Morsi se planta
Tras su golpe de autoridad con los generales, el presidente egipcio debe defender la democracia
El golpe de autoridad del presidente egipcio al descabezar la junta militar, y recuperar para sí los vastísimos poderes que se había arrogado y que hipotecaban irremisiblemente la democratización del país árabe, representa un paso importante en la buena dirección. Es la primera vez en la historia política de Egipto que un civil elegido anula decisiones adoptadas por el ejército. Pero sería poco realista considerar que las medidas del islamista Mohamed Morsi zanjan el pulso entre los Hermanos Musulmanes y una casta uniformada que se resiste a perder su voz decisiva.
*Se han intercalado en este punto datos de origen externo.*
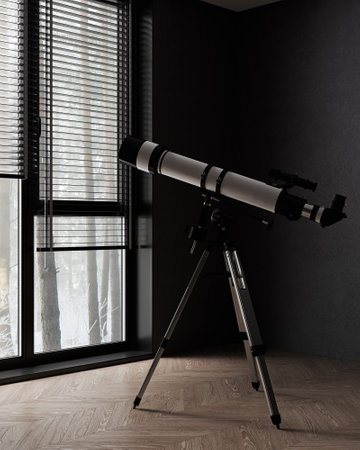 telescope in stylish dark interior background with window and wooden floor, 3d renderingの写真素材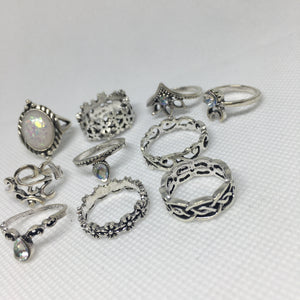 10Pcs Fashionable Stackable Ring Set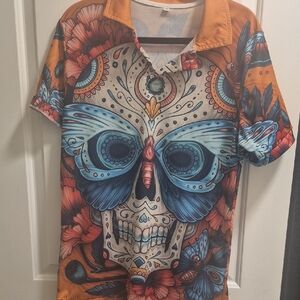 WOMENS SIZE M Orange and Blue Graphic Shirt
Para asestar su inesperado y temprano zarpazo al secuestro del poder civil por los generales, Morsi ha contado con una palanca tan crucial como inesperada en los sangrientos acontecimientos del Sinaí, que los egipcios han percibido como un imperdonable fallo de sus responsables militares. También con la presumible complicidad de un puñado de altos mandos, más jóvenes y receptivos a las tesis de los Hermanos Musulmanes. Así se explica la destitución del mariscal Husein Tantaui —hombre de Mubarak, factótum militar durante más de veinte años— y de otra media docena de intocables sin trauma aparente por parte de la institución armada, en la que ahora manda, fulgurantemente, el general más joven de la junta, Abdel Fatah al-Sissi. Es lícito suponer que entre las monedas de cambio figure el mantenimiento de los privilegios castrenses y de su imperio económico.
El Cairo afronta desafíos múltiples y la nueva etapa augura el principio del fin de sesenta años de dominación por sus militares, pero es todavía provisional y está cargada de riesgos. Uno acuciante es el poder casi ilimitado del jefe del Estado. Egipto no tiene ni Parlamento, disuelto, ni Constitución; la oposición laica es un rompecabezas y el presidente se ha convertido en elemento casi único en torno al cual pivota la vida institucional. Morsi, que fue rechazado por la mitad de los votantes, tiene la obligación urgente de soldar un país fracturado y de probar sus credenciales democráticas. Nada mejor para ello que convocar lo antes posible nuevas elecciones generales y ocuparse de que la Constitución que se redacta, de inspiración islamista, sea inequívocamente incluyente.
Liberales, izquierdistas o cristianos pueden no ser gratos a los dominantes Hermanos Musulmanes, pero resultan imprescindibles para alumbrar un Egipto plural y justo.